Litwak rozebrał się i rozwiesił ubranie na dwóch stalowych haczykach. Czuł woń zmiennych pływów łaźni, chloru, potu spod pach oraz mocnej solanki, która — gdy się zastanowić — mogła wszakże pochodzić z wytwórni marynat na parterze. Nic i nikt — jeśli w ogóle istniał taki zamiar — nie zniechęcał go do zdjęcia odzieży. A blizny miał liczne, niekiedy okropne, i wywarły one należyte wrażenie. Usłyszał ciche gwizdnięcie Rudaszewskiego, który obsługiwał szatnię. Ciało Litwaka było jak pergamin zapisany bólem i przemocą, dopuszczający tylko najbardziej powierzchowną egzegezę.
Podoba się wam? — napisał w notesie, wyjętym z wiszącej na haczyku marynarki.
Nie mogąc uzgodnić stosownej odpowiedzi, jeden z Rudaszewskich kiwnął głową, drugi zaś pokręcił przecząco. Następnie zamienili się reakcjami, z czego żaden nie był zadowolony, aż wreszcie machnęli na Litwaka ręką i przez zaparowane szklane drzwi skierowali go do sauny na konfrontację z ciałem, którego tak czujnie strzegli.
O, groza i splendor tego nagiego ciała, olbrzymiego, nabiegłego krwią oka, wyjętego z orbity! Litwak widział je wcześniej tylko raz, zwieńczone kapeluszem, ciasno niczym zwitek tytoniu Pinar del Río otulone w sztywny, czarny płaszcz, muskający czubki maleńkich trzewików.

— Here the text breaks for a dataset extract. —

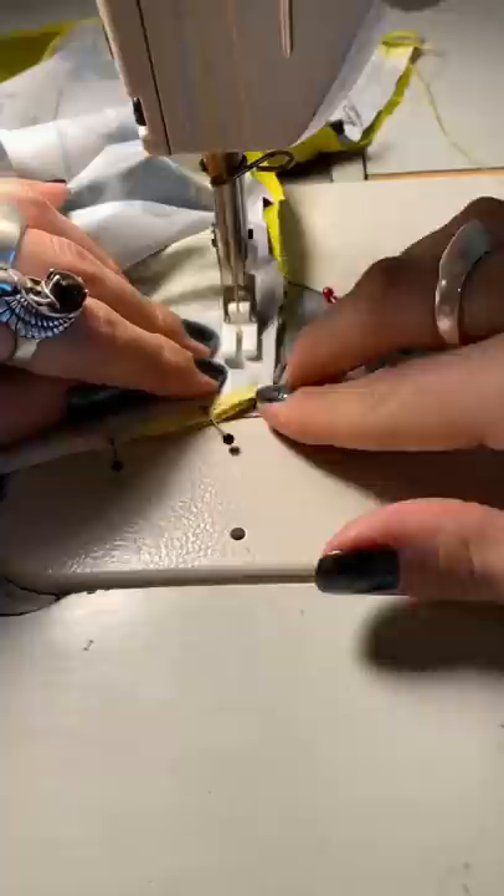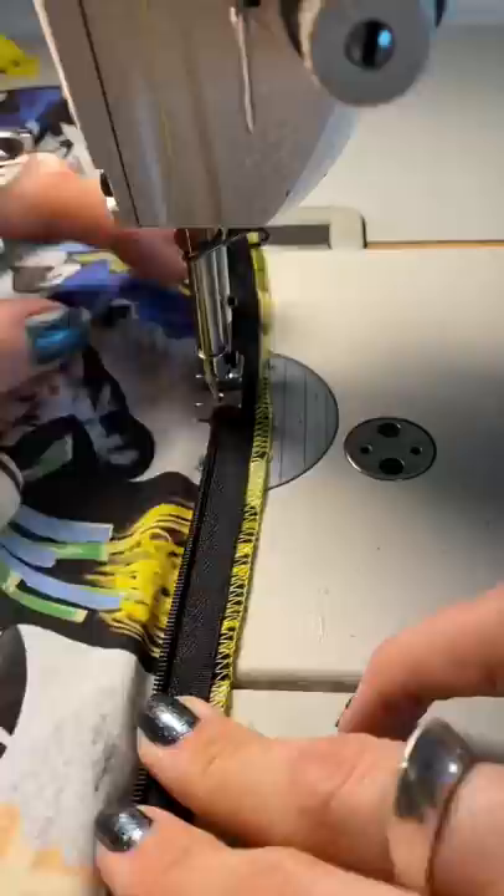This dress is screaming for a lot of accessories and a bright summer day. The last step was to add a zipper, and then to show you guys what the finished product looks like. I have to say I'm pretty stoked on the dress. The pattern scared me a little bit at first, but I think it turned out super cute. What do you guys think?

Teraz ociężałe wyłaniało się z pary — wielki głaz wapienny, porośnięty czarnym mchem zarostu. Litwak poczuł się jak samolot we mgle, rzucony podmuchem wiatru ku zboczu niespodziewanej góry. Brzuch brzemienny trojaczkami słoni, pełne, obwisłe piersi z różowymi fasolkami brodawek, wielkie drożdżowe chały ud i zagubiony w mroku między nimi gruby wałek szarobrązowego mięsa.